→ **Task to carry out**:
Transcribe the records that follow exactly. Skip the pictures.

Captioned web images:
*-*-*

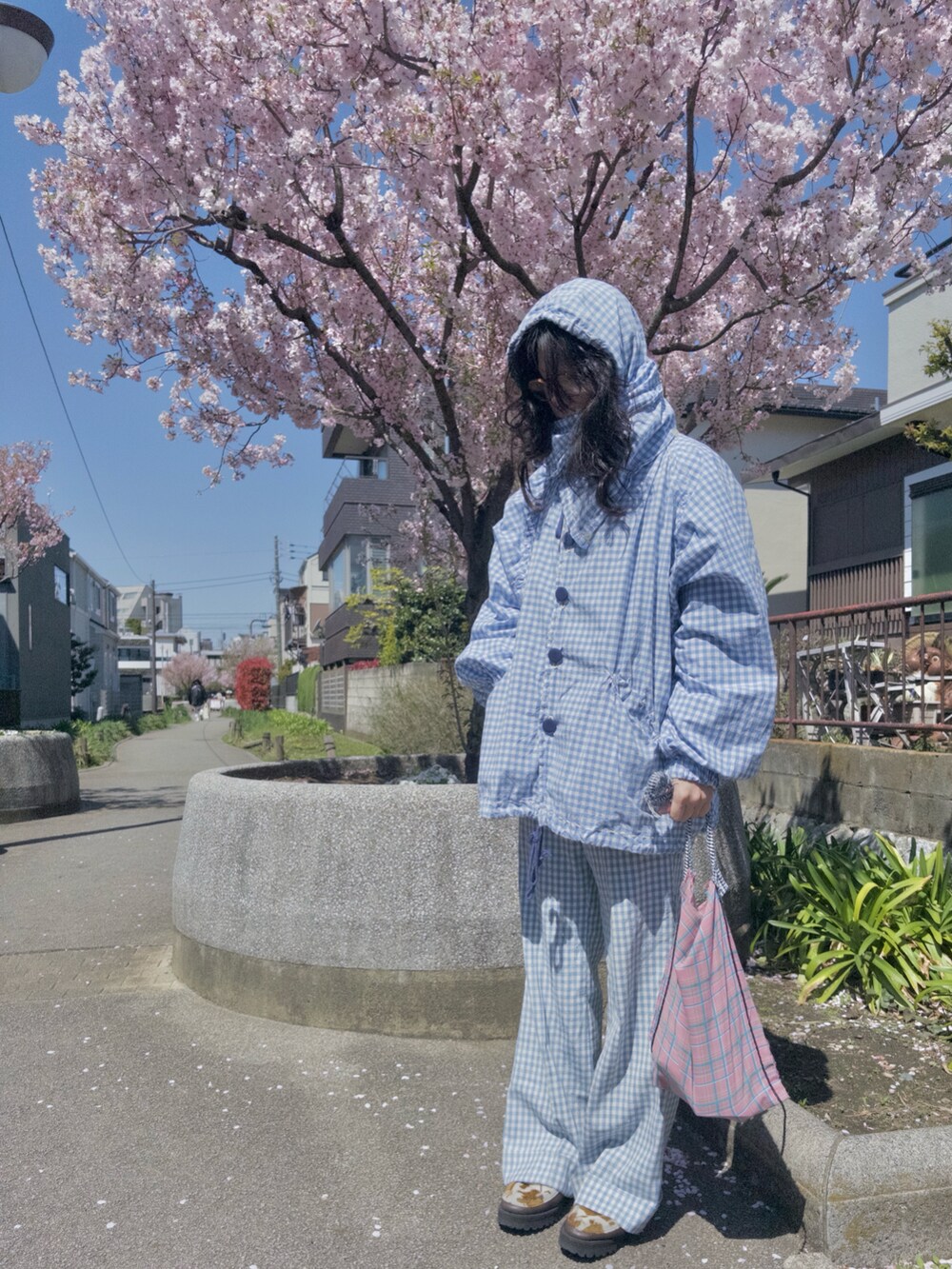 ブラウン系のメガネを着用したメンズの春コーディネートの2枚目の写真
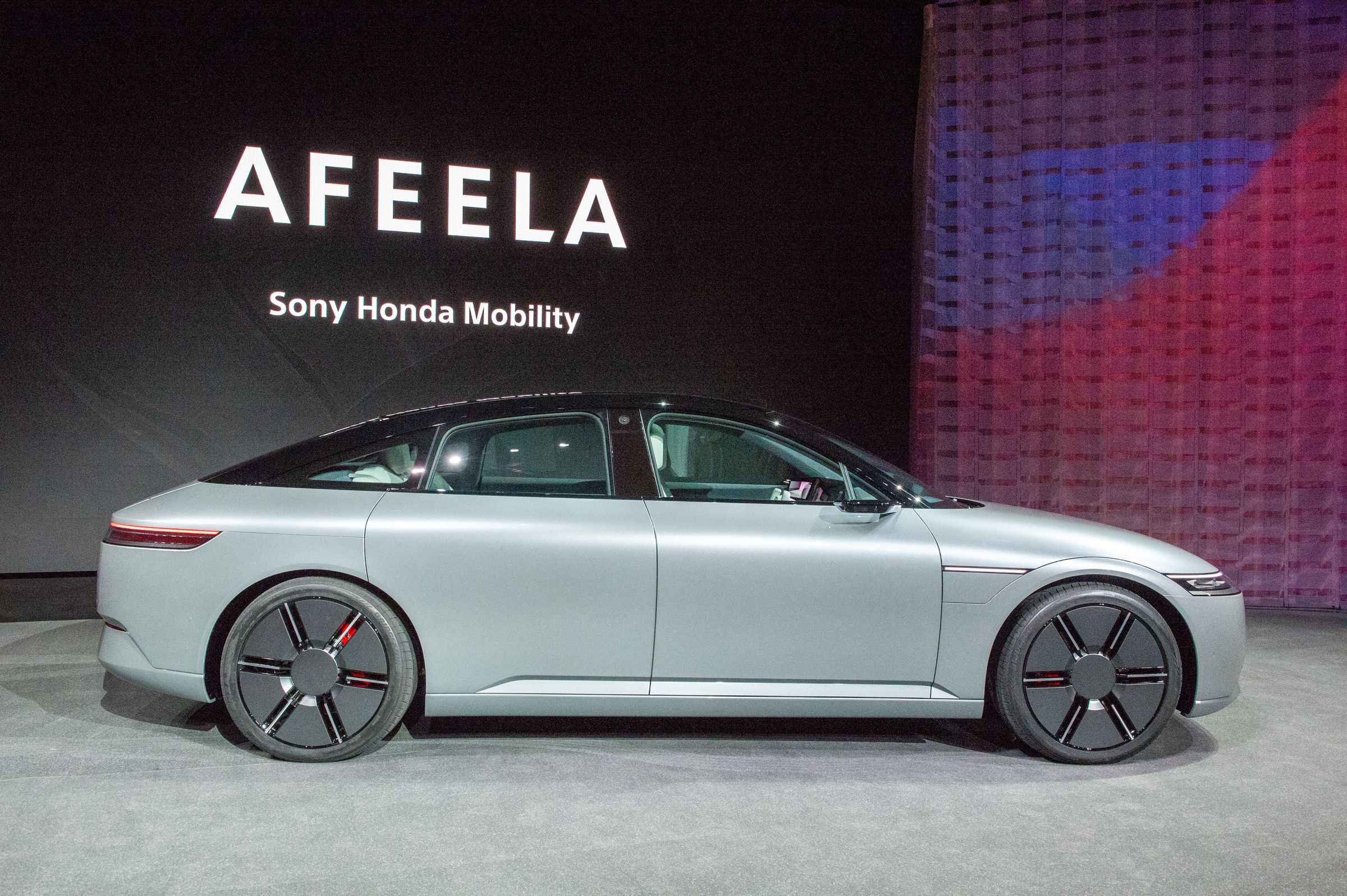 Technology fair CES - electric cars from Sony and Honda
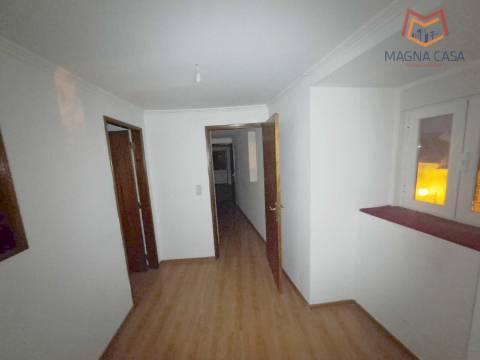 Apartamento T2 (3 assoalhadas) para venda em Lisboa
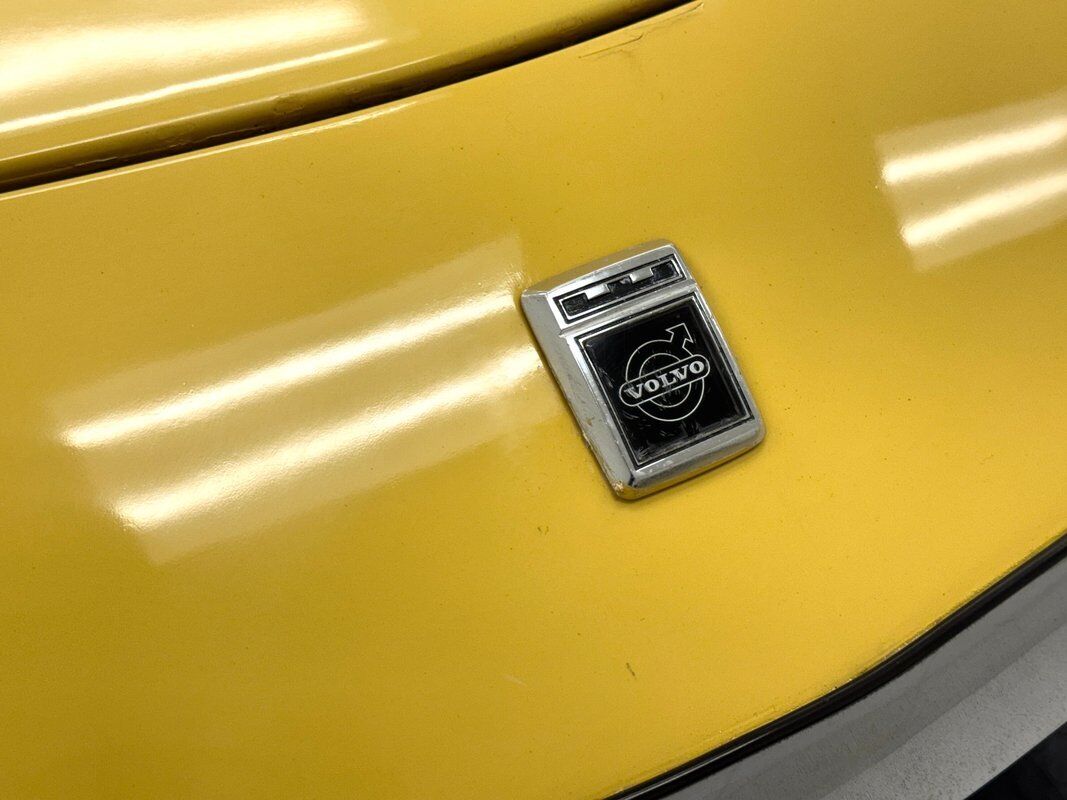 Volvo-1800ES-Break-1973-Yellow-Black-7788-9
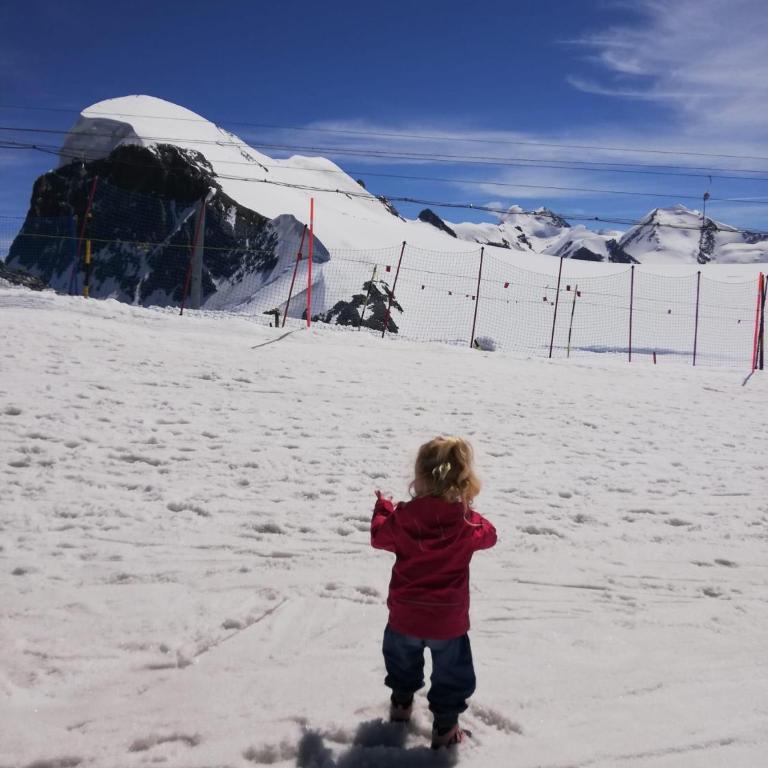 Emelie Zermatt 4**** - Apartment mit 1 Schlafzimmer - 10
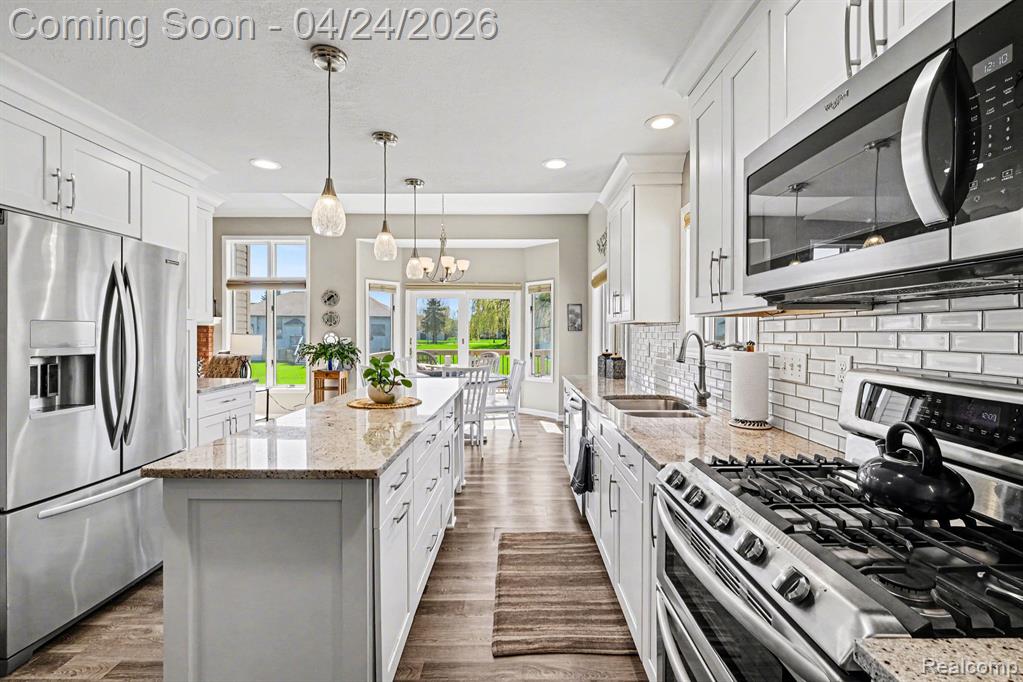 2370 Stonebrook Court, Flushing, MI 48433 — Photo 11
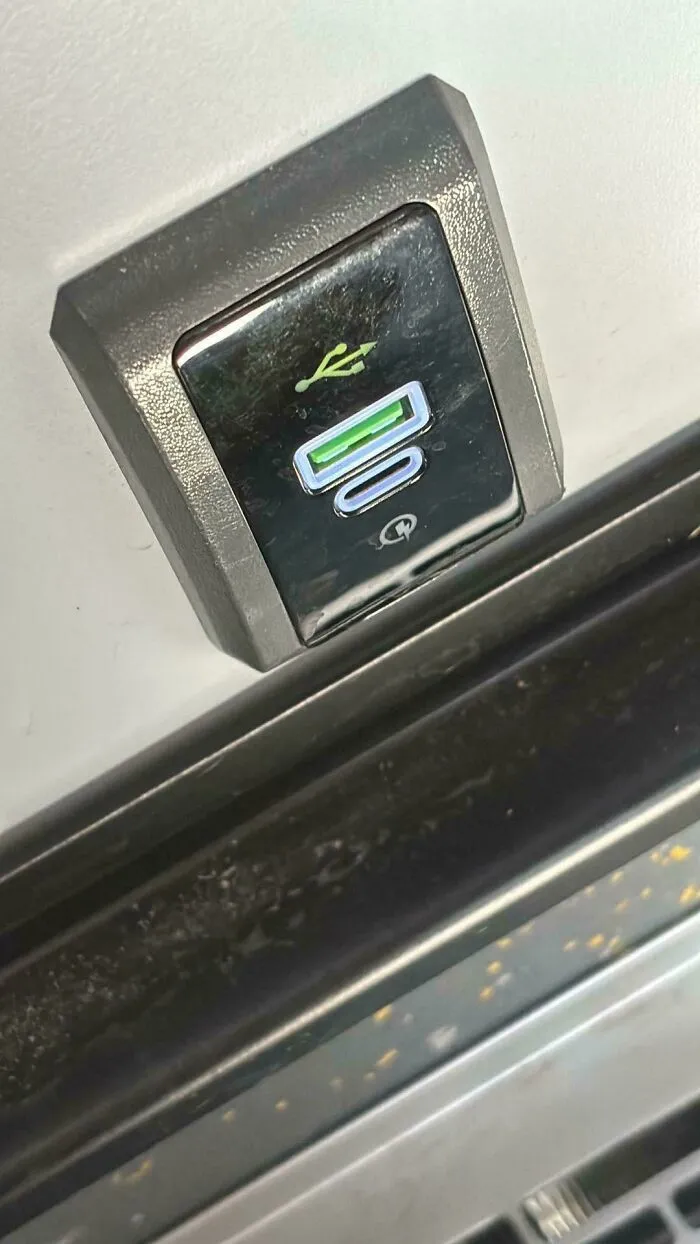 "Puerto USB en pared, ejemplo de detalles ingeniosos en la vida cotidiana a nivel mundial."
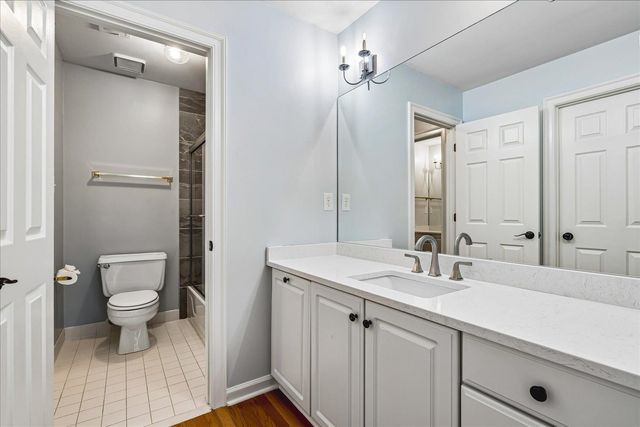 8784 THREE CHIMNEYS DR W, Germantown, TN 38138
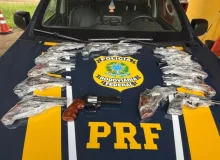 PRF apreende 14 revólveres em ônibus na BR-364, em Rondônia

*-*-*

→ **Response for this exercise**:
 ブラウン系のメガネを着用したメンズの春コーディネートの2枚目の写真
 Technology fair CES - electric cars from Sony and Honda
 Apartamento T2 (3 assoalhadas) para venda em Lisboa
 Volvo-1800ES-Break-1973-Yellow-Black-7788-9
 Emelie Zermatt 4**** - Apartment mit 1 Schlafzimmer - 10
 2370 Stonebrook Court, Flushing, MI 48433 — Photo 11
 "Puerto USB en pared, ejemplo de detalles ingeniosos en la vida cotidiana a nivel mundial."
 8784 THREE CHIMNEYS DR W, Germantown, TN 38138
 PRF apreende 14 revólveres em ônibus na BR-364, em Rondônia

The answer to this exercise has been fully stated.